Но не на то она рождена. Ей некогда мечтать летом, когда ее распоряжений ждут хохлы-косари, москали-плотники, когда и скотный двор, и верховые и рабочие лошади, и волы, и овцы, и вся домашность, все управление имением ей доверено… Когда не раз садится она в черкеске на высокое кавказское седло и на резвом иноходце несется в поля смотреть на уборку… Ну, а зимой, когда умолкнет шум полей и мирно настаиваются наливки, а варенье в больших кадках стоит занумерованное и заклейменное, индюки висят в особых клетках и откармливаются к святкам, – есть время помечтать и подумать не об одних бубликах и пирогах, а и о русых кудрях, и нежных усах…
Вдруг шум и стук под окном заставили вздрогнуть и встрепенуться молодую девушку.
– А, вражий сын, под окнами девок шататься – я тебе! Ах, едят тебя мухи и с родом твоим и с племенем, ах ты, егупетка подлая, чиса остропузая! Письменюга несчастная! – слышался хриплый голос ее отца с пьяными нотками в интонации. – Либо в дом, либо вон! Я полагаю, что это он от кумпанства рыло воротит, а вон оно что, к девушкам пробираться… Нет, брат, шалишь! Так не уйдешь – ну, айда за мной.
– Я, пан полковник…
– Что, пан полковник? Чего, пан полковник – не-ет-с, как не уважить дорогого гостя, пожалуйте ко мне..
Мощный удар отпер дверь, засуетился дежурный хлопец, снял шубы, и Алексей Николаевич вошел в столовую, ведя за руку Каргина.
– Гей! Люди! Маруся… Ожогин… чертово семя – где вы? Огня!
Но уже статный казак в чекмене и высоких желтой кожи сапогах вносил драгоценные серебряные канделябры, а сзади несли скатерть…

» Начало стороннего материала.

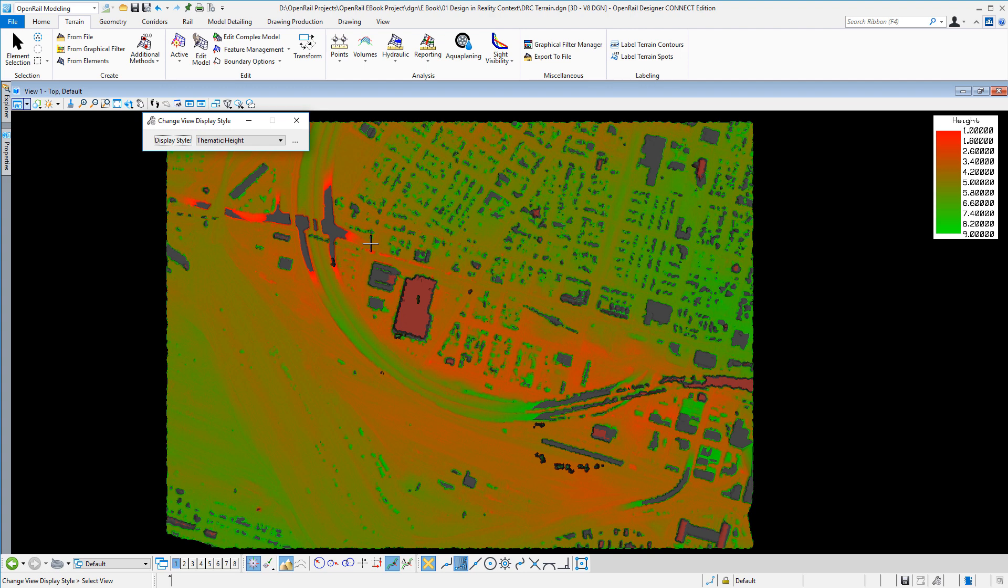And here I can set the height to suit the terrain itself.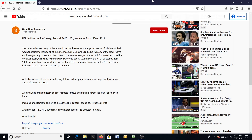Hello. Here are the instructions on how to install a mod for Pro Strategy Football 2020. In this example, I'm going to install the mod NFL 100, which includes 100 teams from the past, including teams up to this year's Super Bowl.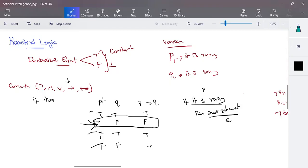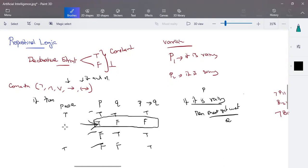For the biconditional truth table, it represents an 'if and only if' condition. P biconditional Q is true when both P and Q are true, and also true when both P and Q are false. Mixed combinations give false. This truth table is used to verify whether a taken scenario or example is possible or not — those possibilities are verified using this.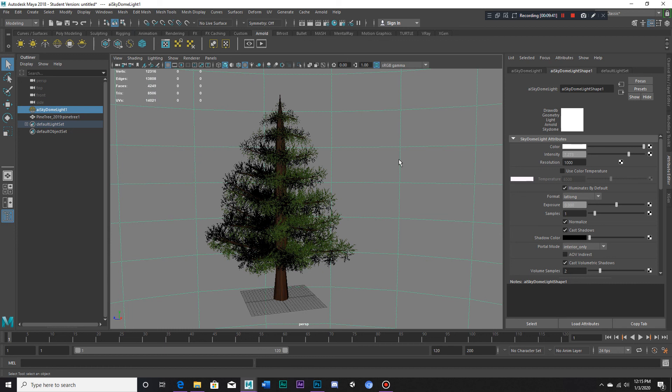This is how you make materials transparent in the Arnold renderer. Thank you very much, I hope this tutorial was useful to you and I'll see you in a different video. Goodbye.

– Ну, Маруся, – поцеловав пьяными устами дочь, сказал Алексей Николаевич, – принимай гостя дорогого, сажай на место браное, ставь нам вина заморские, хочу трапезовать до утра. Ну и мед же у Луковкина. Собака, а не мед. Такого меду и в Польше не пивал – это ж сила!
Маруся, туркиня и молодая полногрудая девка из крепостных быстро ставили серебряные блюда на белую камчатную скатерть, доставали бокалы и сулеи с вином.

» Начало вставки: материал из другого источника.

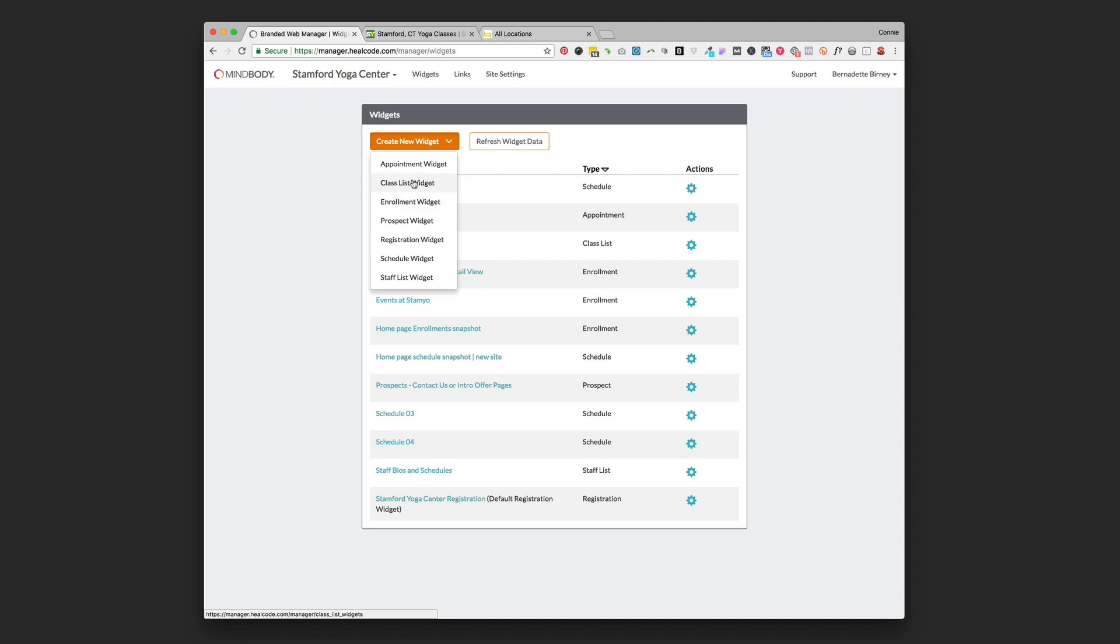Class list widget, again I don't use that one, I think that information is better just put right on your website. And the appointment widget I sometimes use depending on the business, and that would be if you're offering one-to-one appointments so like massages or personal training or private yoga, something like that, you could use an appointment widget to set that up on your website as well.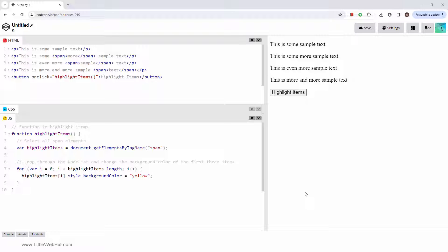If the tag name you provide is an asterisk, you will get an HTML collection of all the elements in the document.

– Цимлянского и потом – этого, знаешь, – коньяк, что прислали из Наполеонова царства!
Каргин молча сидел, как в воду опущенный.
– Ну! Здоровье Государя Императора!
– Я не пью, пан полковник.
– Не смеешь – здоровье Государя! Пей – враг те в душу!
Взглянул чистыми своими глазами Каргин на Марусю и залпом осушил высокий бокал. Все зажгло, завертело кругом с непривычки у молодого казака.
– Здоровье атамана Матвея Ивановича Платова.
Не стал перечить молодой казак – выпил свой бокал.
– Вот люблю. Молодчина! Это добрый казак, а не письменюга злосчастная. Ну, теперь закусить. Маруська, чего дашь?
– Есть, бачка, у нас индюк, уточка есть, осетрина, стерлядка…
– К черту эту деликатность! Вали шамайки. Ух! Хорошо солененькой шамайки после выпивки – освежает. Эге, брат, что хмуришься. Хочешь казаком быть, пить учись, что за казак, коли не пьет!
– Я пью, пан полковник, – робко ответил Каргин.
– То-то. Вот она и шамая. Бери рыбину-то – да ты руками ее, руками! Вот так! – говорил захмелевший старик, погружая зубы в жирную спину копченой шамайки.
– Ну-ка, здоровье Буонапартия.
– Бонапарта пить не буду.
– Врешь! Почему так? – хитро подмигнул Сипаев Каргину.
– Потому что он злодей, шельма. Наполеон-король..
– Вона! А после Тильзита он наш первый друг, и Платов ему свой лук подарил.
– Про то мне дела нет.
– Не хочешь?
– Не стану пить.
– Пей! Чертов сын! Тебе говорю.
– Зачем лаяться, я не слуга ваш, – с достоинством заметил Каргин.
– А, ты вон как! Фармазонствуешь… Ну ладно, неволить не стану, – мягко проговорил полковник, – это нам решительно наплевать – за Буонапартия пью один.
Старик выпил, наполнил бокал и, ядовито щуря глаза, тихо заговорил:
– Два года тому назад стоял я с полком в Швеции. Есть там обычай, чтобы девушки пили, и хлопцы их здоровье провозглашали… Маруся, сядь, мой ангел.
Маруся нехотя присела на угол табурета.
– Подымут вот этак бокал и скажут: «Skal-min skal, din skal och alia vakra flicker skal»[9], ну, молодой казак – skal, – за здоровье всех прекрасных женщин!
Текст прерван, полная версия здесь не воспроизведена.